● TASK OBJECTIVE:
Output only the lines from the line holding "Amanada Reed" through the close of the records, exactly as they appear, with all pictures omitted.

● THE DATA:
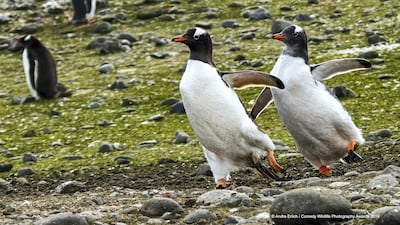 A pair of gentoo penguins on Neko Island in South Georgia walk in tandem. Andre Erlich / The Comedy Wildlife Photography Awards 2019
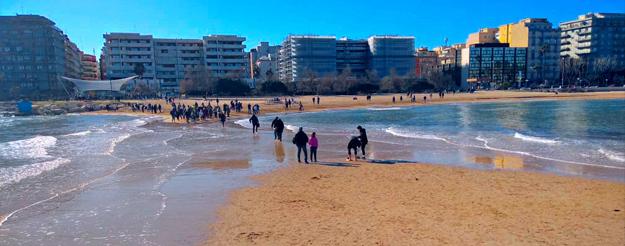  ¿Caminar sobre el agua? En Bari puedes, si hay marea baja. 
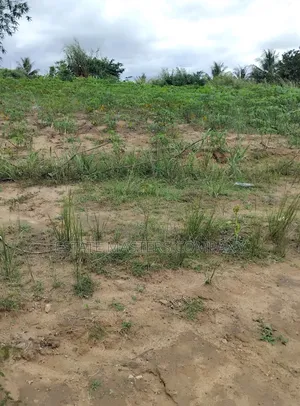 Buy a Professional Land From Us at Ningo Prampram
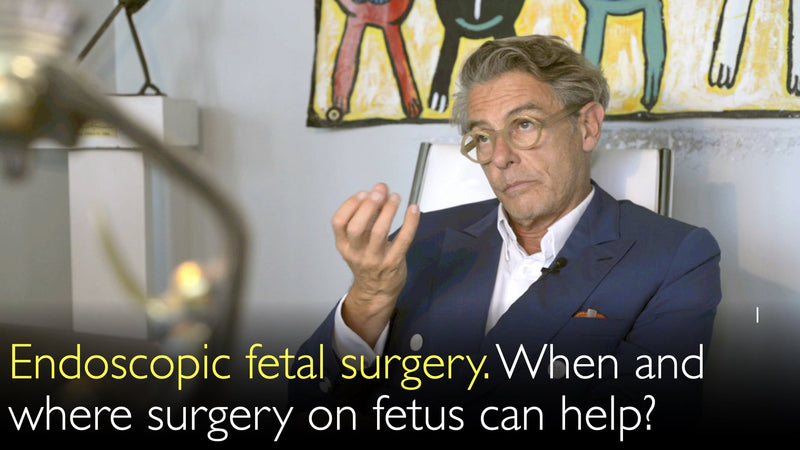 Endoscopic fetal surgery. When and where surgery on fetus can help? 1. [Parts 1 and 2]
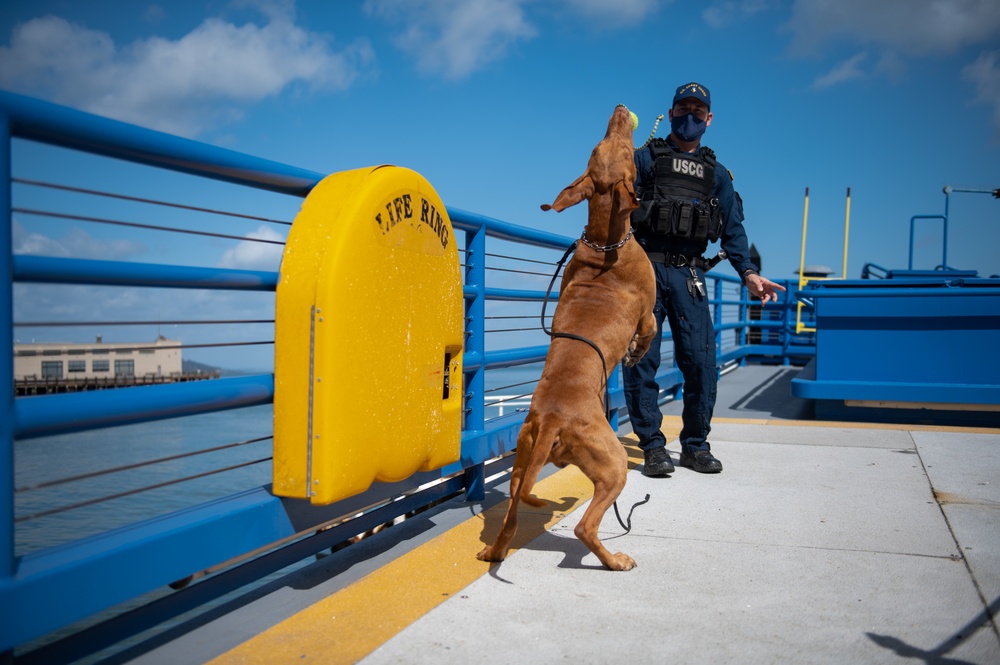 Coast Guard Maritime Safety and Security Team San Francisco conducts K9 explosive detection training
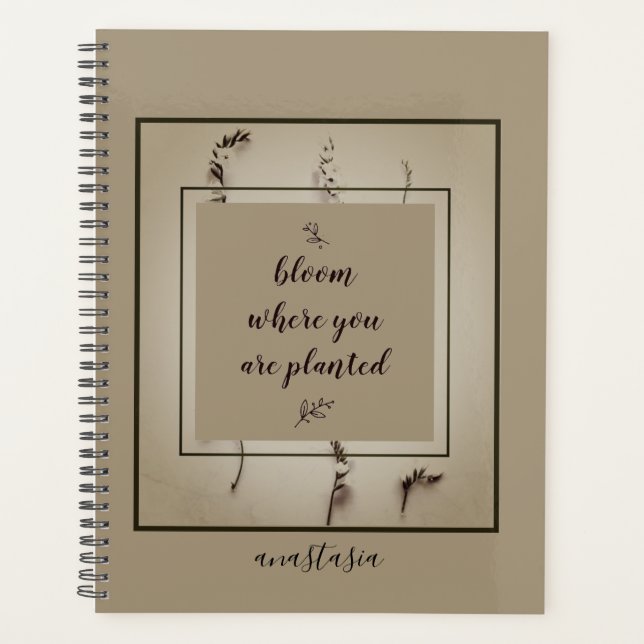 Fleur d'Anastasia verte tendance où planté (Devant)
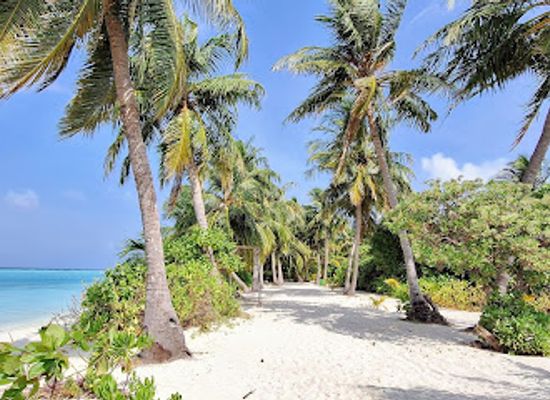 maldives/thoddoo-island/landmark/thoddoo-tour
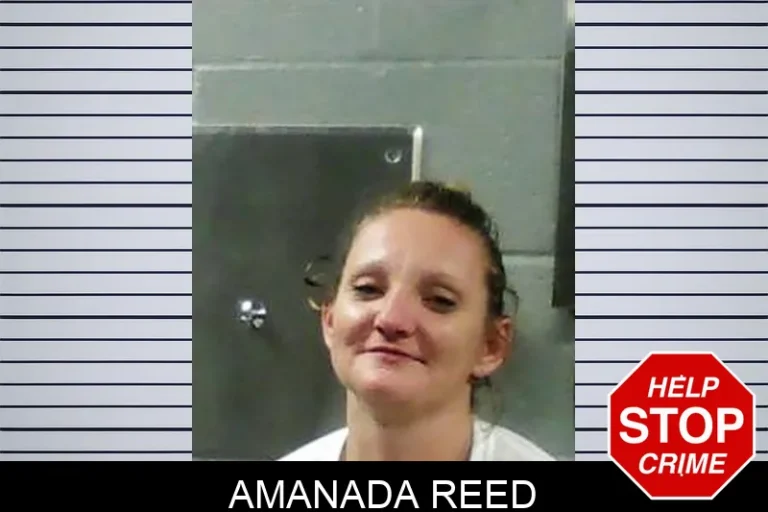 Amanada Reed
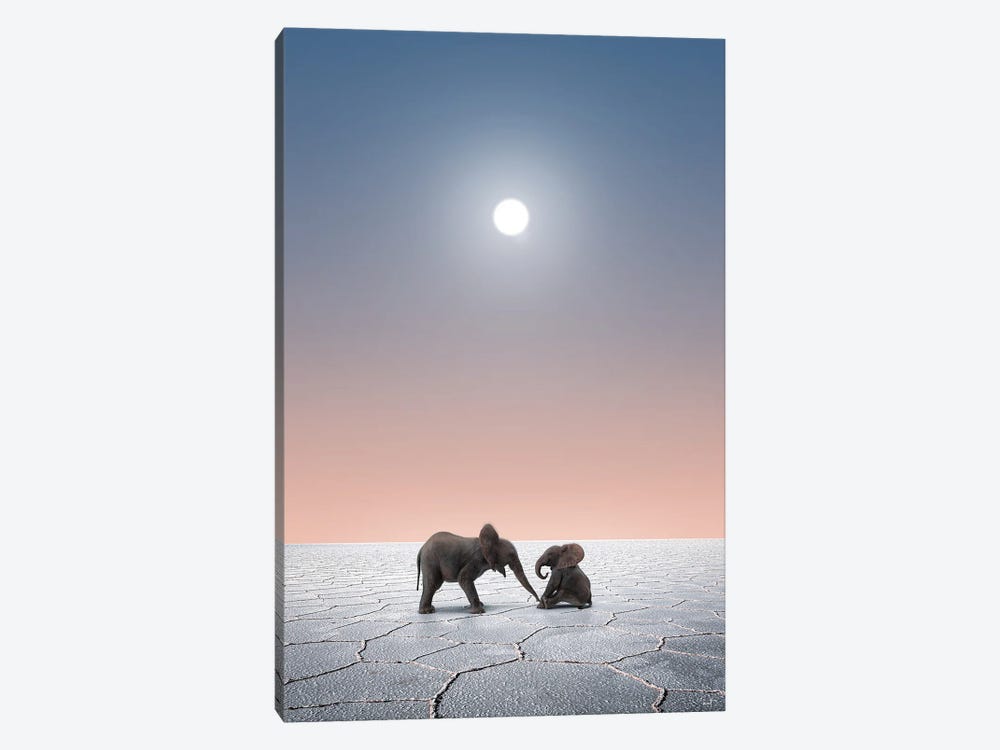Elephants In The Desert by Kathrin Federer 1-piece Canvas Art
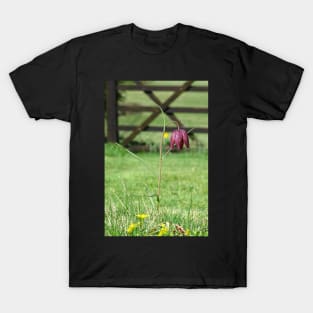 Lazarus Bell T-Shirt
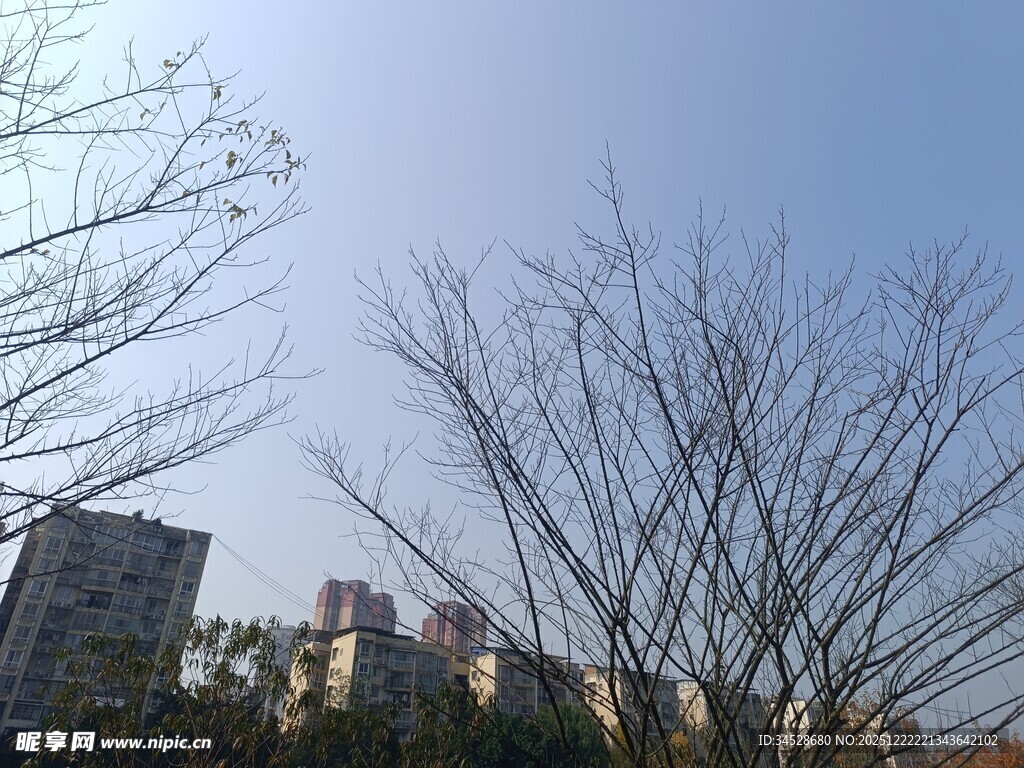 冬日光秃树木与远处建筑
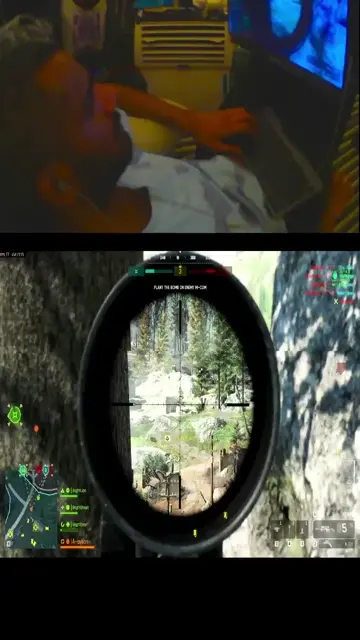 snipe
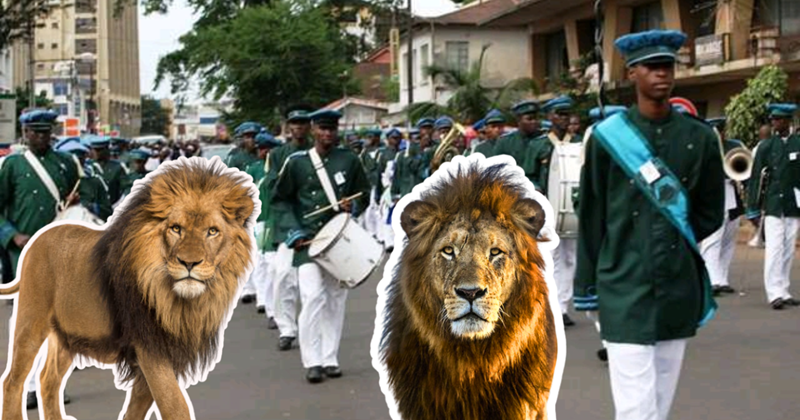 Police Rejects Prince of Wales School Alumni’s Request to Parade Live Lion at Centenary Celebration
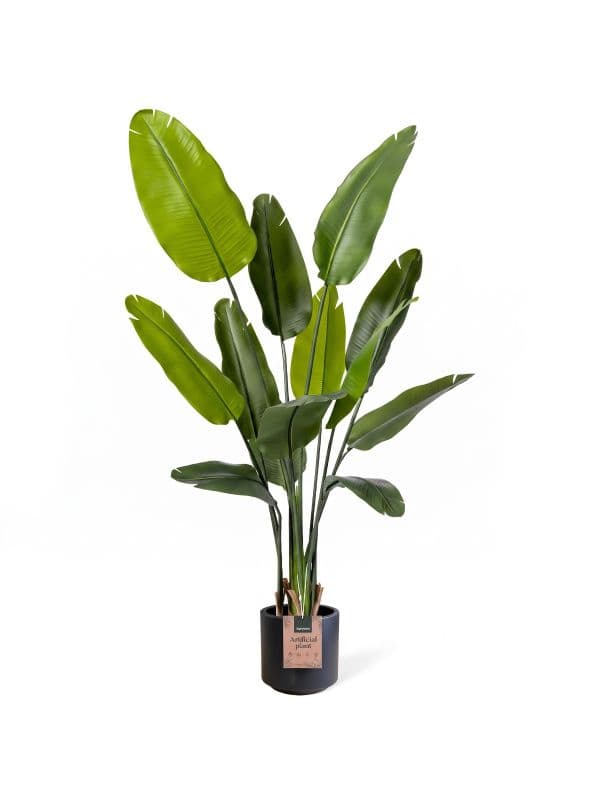FairyTrees 165 cm artificial strelitzia with a slender form and large, elongated leaves against a light background.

● SOLUTION TO THIS TASK:
 Amanada Reed
Elephants In The Desert by Kathrin Federer 1-piece Canvas Art
 Lazarus Bell T-Shirt
 冬日光秃树木与远处建筑
 snipe
 Police Rejects Prince of Wales School Alumni’s Request to Parade Live Lion at Centenary Celebration
FairyTrees 165 cm artificial strelitzia with a slender form and large, elongated leaves against a light background.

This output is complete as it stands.